Dataset items:
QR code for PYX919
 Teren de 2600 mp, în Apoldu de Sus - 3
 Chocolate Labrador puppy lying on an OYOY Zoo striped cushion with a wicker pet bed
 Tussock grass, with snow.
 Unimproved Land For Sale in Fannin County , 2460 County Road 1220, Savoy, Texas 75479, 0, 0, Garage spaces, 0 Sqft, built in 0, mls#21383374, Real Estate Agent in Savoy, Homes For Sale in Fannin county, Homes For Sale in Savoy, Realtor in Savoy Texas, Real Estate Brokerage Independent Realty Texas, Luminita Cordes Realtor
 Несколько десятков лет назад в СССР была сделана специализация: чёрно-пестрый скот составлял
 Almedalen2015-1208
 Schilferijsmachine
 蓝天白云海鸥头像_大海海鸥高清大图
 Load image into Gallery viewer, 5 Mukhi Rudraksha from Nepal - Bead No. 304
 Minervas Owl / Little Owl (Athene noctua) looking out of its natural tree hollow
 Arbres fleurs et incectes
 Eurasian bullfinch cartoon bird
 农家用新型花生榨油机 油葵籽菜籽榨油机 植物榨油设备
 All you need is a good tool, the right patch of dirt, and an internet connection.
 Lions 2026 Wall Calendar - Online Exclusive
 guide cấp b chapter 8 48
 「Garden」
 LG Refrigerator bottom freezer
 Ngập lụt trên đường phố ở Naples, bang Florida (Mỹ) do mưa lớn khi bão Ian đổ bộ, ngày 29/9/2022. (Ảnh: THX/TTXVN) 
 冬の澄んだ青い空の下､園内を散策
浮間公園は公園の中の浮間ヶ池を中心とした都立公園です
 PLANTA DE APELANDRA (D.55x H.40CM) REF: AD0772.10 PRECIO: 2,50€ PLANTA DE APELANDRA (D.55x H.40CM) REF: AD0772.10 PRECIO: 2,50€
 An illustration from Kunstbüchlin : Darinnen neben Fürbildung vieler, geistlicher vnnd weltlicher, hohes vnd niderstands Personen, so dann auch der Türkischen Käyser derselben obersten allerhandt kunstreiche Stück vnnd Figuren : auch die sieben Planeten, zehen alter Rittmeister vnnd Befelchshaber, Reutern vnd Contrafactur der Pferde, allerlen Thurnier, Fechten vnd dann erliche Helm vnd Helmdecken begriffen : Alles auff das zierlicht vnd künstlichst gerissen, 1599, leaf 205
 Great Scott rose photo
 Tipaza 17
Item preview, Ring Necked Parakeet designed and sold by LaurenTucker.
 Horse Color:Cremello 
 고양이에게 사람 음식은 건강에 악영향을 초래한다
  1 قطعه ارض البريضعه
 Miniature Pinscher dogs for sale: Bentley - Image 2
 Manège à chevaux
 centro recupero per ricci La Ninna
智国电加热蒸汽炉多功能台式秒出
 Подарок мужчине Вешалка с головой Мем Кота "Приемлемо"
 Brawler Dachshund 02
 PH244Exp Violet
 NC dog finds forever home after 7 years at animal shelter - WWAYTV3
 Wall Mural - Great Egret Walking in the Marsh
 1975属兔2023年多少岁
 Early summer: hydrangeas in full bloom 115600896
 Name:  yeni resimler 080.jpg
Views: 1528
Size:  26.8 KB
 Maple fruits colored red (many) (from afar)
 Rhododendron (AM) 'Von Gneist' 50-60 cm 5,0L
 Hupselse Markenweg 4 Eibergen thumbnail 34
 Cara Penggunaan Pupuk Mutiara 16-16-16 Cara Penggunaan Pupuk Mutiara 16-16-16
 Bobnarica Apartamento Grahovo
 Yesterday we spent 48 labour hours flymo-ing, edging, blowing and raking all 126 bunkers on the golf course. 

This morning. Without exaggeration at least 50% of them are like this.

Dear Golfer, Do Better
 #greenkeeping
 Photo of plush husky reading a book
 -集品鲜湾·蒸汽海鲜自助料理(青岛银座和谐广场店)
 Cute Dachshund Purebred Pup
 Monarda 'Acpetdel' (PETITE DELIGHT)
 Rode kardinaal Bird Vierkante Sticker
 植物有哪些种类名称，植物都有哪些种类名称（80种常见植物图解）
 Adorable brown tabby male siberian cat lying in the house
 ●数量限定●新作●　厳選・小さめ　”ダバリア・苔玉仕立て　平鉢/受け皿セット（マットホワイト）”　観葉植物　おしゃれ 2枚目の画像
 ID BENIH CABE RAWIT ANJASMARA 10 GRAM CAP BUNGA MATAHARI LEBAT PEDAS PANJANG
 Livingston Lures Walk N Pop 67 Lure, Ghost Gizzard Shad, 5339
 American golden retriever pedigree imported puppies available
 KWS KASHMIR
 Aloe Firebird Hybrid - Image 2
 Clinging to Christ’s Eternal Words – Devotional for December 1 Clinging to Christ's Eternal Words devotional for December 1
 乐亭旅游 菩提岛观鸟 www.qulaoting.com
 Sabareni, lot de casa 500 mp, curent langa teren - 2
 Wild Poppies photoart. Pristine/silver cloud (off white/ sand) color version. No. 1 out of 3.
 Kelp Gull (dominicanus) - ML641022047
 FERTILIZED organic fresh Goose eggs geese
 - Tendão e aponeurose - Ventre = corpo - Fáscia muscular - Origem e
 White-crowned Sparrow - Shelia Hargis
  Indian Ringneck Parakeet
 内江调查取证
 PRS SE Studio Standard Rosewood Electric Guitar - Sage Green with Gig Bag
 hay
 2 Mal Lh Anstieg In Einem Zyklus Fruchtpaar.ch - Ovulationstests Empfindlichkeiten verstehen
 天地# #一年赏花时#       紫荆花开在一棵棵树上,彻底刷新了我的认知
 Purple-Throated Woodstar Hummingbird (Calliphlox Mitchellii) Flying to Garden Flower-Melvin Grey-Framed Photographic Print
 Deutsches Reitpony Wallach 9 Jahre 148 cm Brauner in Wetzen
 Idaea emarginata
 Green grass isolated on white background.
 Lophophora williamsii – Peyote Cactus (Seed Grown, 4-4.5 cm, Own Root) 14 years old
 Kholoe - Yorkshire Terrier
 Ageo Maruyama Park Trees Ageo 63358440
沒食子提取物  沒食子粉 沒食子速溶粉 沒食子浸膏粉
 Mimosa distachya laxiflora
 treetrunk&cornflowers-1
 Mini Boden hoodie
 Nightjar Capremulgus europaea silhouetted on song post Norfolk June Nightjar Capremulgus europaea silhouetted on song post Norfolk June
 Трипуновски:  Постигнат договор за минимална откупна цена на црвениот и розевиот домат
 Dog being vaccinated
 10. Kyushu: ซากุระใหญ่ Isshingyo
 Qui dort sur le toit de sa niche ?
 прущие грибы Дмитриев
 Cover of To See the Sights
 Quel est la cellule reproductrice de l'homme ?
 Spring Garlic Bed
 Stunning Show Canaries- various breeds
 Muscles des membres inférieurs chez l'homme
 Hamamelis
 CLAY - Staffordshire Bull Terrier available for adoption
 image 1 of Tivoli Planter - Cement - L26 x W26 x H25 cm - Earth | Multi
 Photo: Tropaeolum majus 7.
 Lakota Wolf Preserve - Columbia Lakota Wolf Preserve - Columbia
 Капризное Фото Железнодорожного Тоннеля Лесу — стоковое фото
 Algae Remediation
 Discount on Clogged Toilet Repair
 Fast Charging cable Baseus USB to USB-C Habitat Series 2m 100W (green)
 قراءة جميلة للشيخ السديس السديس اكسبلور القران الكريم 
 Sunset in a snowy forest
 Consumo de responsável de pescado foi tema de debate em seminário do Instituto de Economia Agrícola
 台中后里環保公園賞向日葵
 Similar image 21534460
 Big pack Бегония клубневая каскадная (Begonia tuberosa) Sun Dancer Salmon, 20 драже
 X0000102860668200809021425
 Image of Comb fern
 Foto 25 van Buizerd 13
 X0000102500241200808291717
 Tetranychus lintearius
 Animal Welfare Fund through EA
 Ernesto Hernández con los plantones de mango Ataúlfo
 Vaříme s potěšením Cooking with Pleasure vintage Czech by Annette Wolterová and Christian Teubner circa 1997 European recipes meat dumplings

**WHAT YOU NEED TO DO**
Looking back over the data above, restate word for word the lines that begin at the line with "冬の澄んだ青い空の下､園内を散策" and end at the line with "PRECIO: 2,50€ PLANTA", inclusive.

**OUTPUT OF THE EXERCISE**
 冬の澄んだ青い空の下､園内を散策
浮間公園は公園の中の浮間ヶ池を中心とした都立公園です
 PLANTA DE APELANDRA (D.55x H.40CM) REF: AD0772.10 PRECIO: 2,50€ PLANTA DE APELANDRA (D.55x H.40CM) REF: AD0772.10 PRECIO: 2,50€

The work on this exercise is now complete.